◆ WORK TO BE COMPLETED: What the response needs is every record, repeated verbatim, and no images.

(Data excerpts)
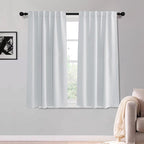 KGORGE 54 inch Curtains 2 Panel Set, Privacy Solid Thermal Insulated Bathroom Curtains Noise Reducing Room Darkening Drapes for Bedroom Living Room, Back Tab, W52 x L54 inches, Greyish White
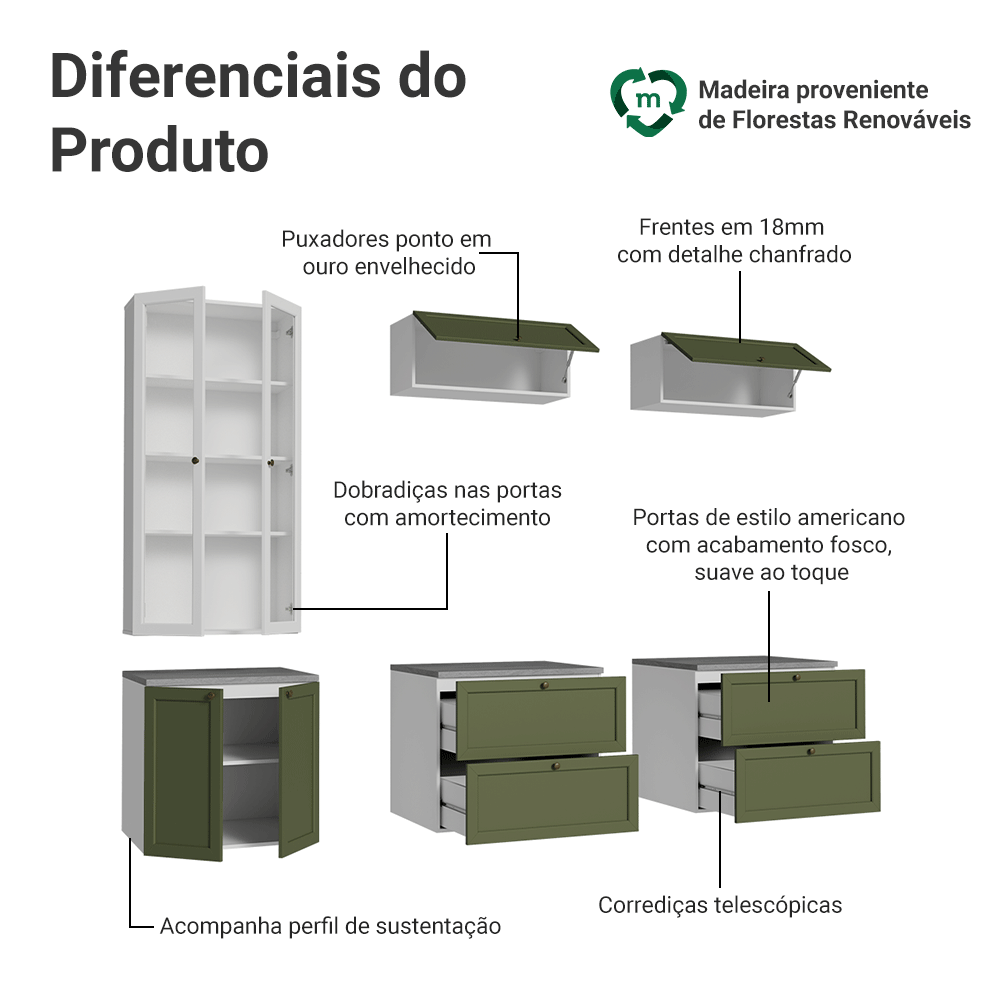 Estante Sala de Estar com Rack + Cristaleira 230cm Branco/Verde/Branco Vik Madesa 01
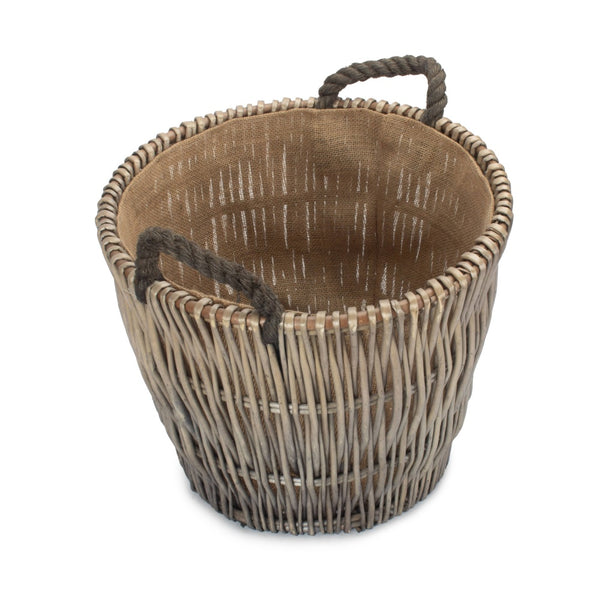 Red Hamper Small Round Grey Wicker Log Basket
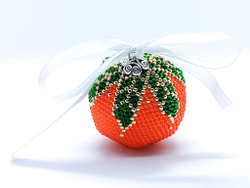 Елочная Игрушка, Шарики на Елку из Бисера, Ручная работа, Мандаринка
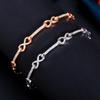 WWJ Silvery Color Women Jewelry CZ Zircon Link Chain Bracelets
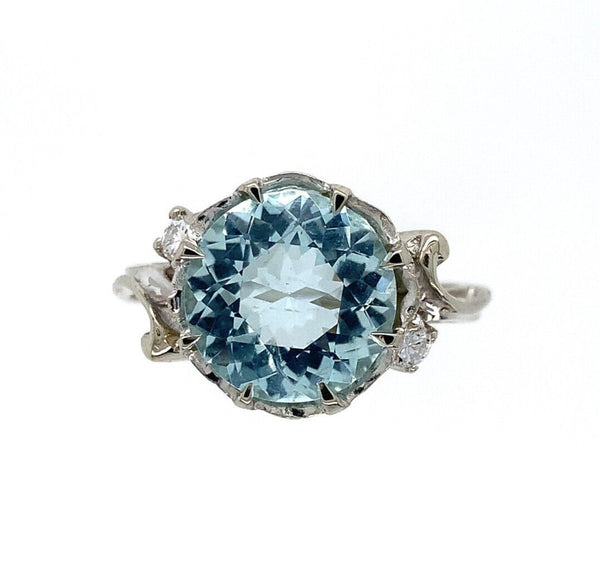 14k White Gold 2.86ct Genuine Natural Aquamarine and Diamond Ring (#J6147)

◆ SOLUTION:
 KGORGE 54 inch Curtains 2 Panel Set, Privacy Solid Thermal Insulated Bathroom Curtains Noise Reducing Room Darkening Drapes for Bedroom Living Room, Back Tab, W52 x L54 inches, Greyish White
 Estante Sala de Estar com Rack + Cristaleira 230cm Branco/Verde/Branco Vik Madesa 01
 Red Hamper Small Round Grey Wicker Log Basket
 Елочная Игрушка, Шарики на Елку из Бисера, Ручная работа, Мандаринка
 WWJ Silvery Color Women Jewelry CZ Zircon Link Chain Bracelets
 14k White Gold 2.86ct Genuine Natural Aquamarine and Diamond Ring (#J6147)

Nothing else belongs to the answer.